WHAT IS EXPECTED -
Note the line containing "Building Photo - 4906 W Rose Quartz"; from it through the last line below, give only those lines again, exactly, both ends included, skipping pictures.

EXERCISE MATERIAL -
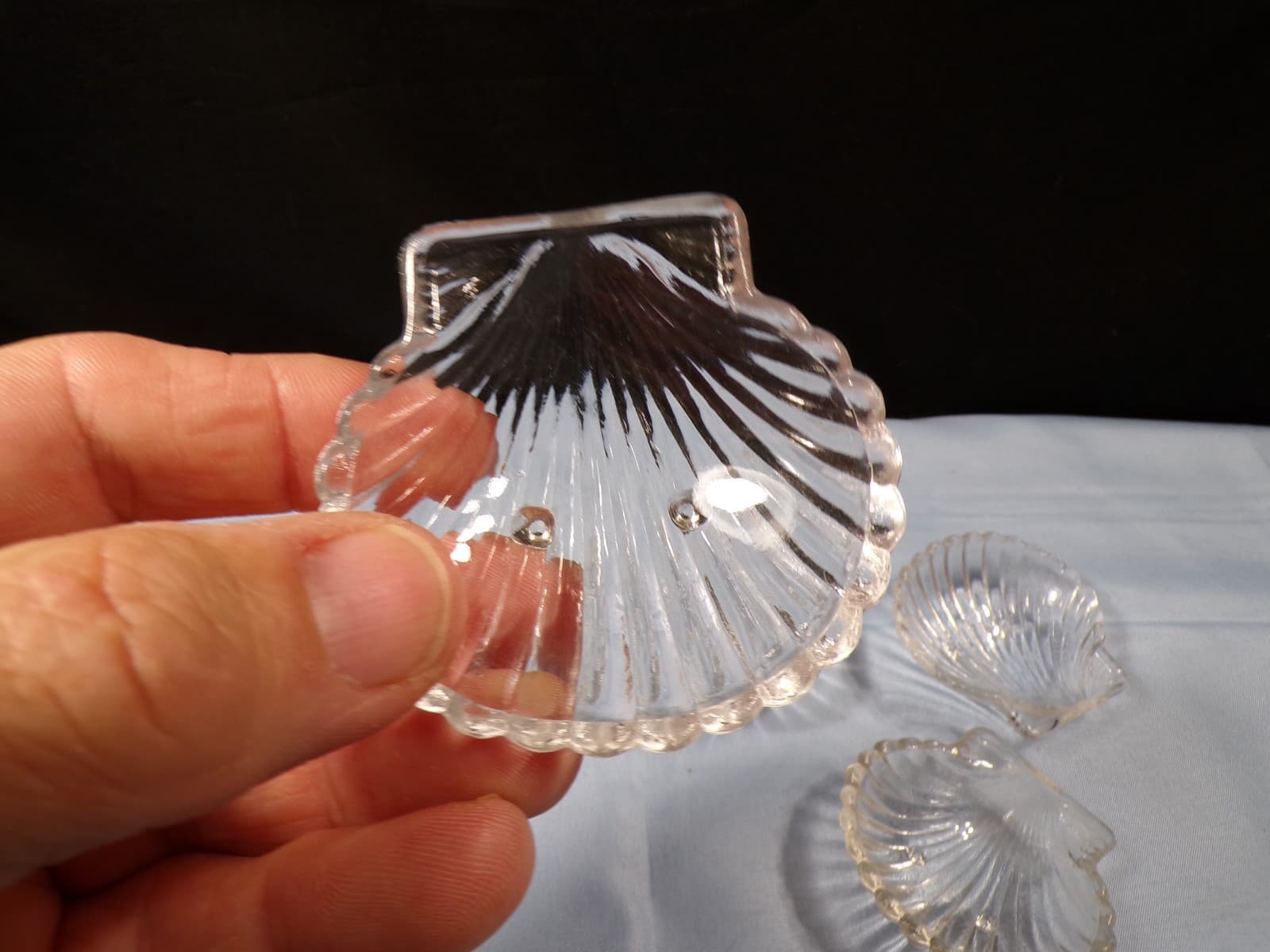 Set of 4 Vintage Fenton Clear Glass Shell Shaped Salt Dips 2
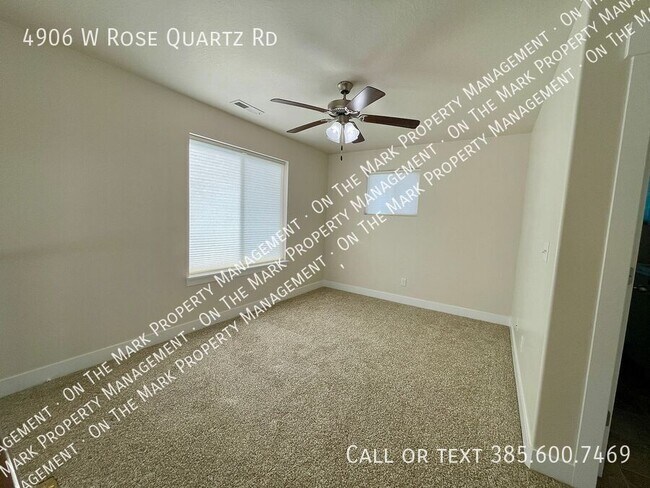 Building Photo - 4906 W Rose Quartz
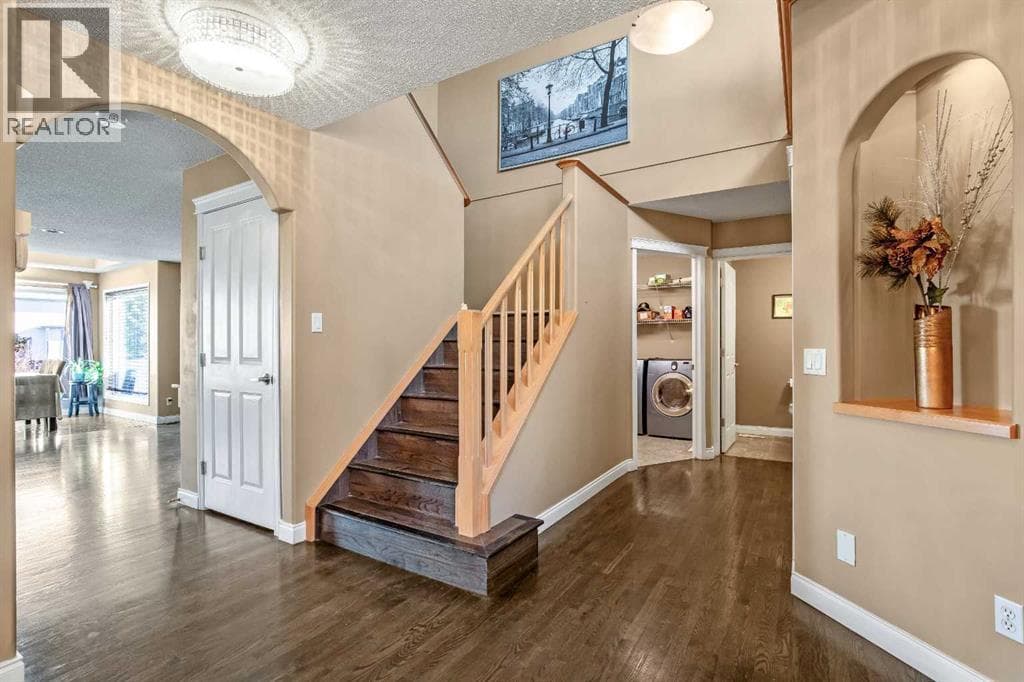 123 Cranwell Close SE — photo 3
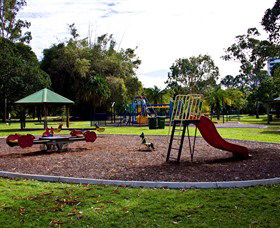 Cascade Gardens - Redcliffe Tourism 0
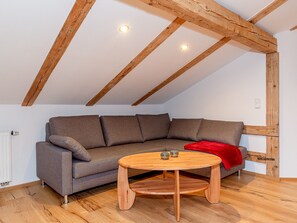 Ferienwohnung Panorama mit Balkon und Blick in die Natur-in der Wohnung Panorama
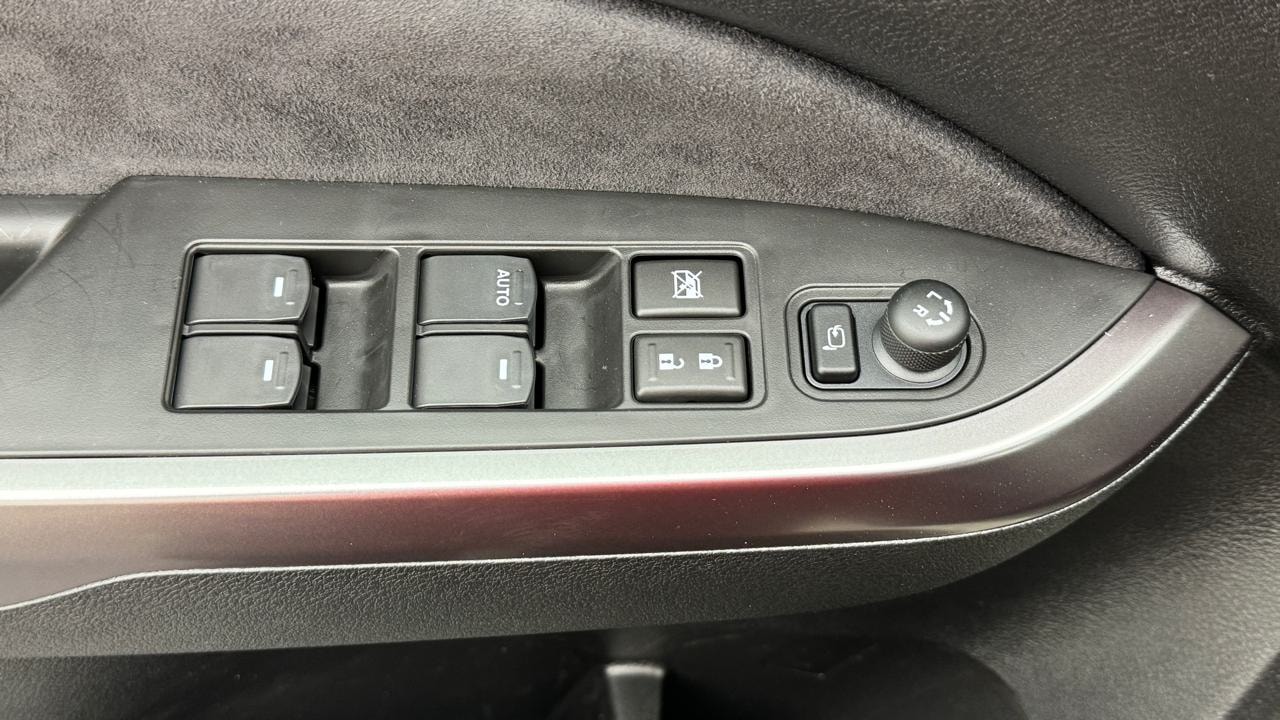 SUZUKI Vitara 1.4 Boosterjet Compact Top 4x4 Hybrid Automatic-image-8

EXERCISE RESULT -
 Building Photo - 4906 W Rose Quartz
 123 Cranwell Close SE — photo 3
 Cascade Gardens - Redcliffe Tourism 0
 Ferienwohnung Panorama mit Balkon und Blick in die Natur-in der Wohnung Panorama
 SUZUKI Vitara 1.4 Boosterjet Compact Top 4x4 Hybrid Automatic-image-8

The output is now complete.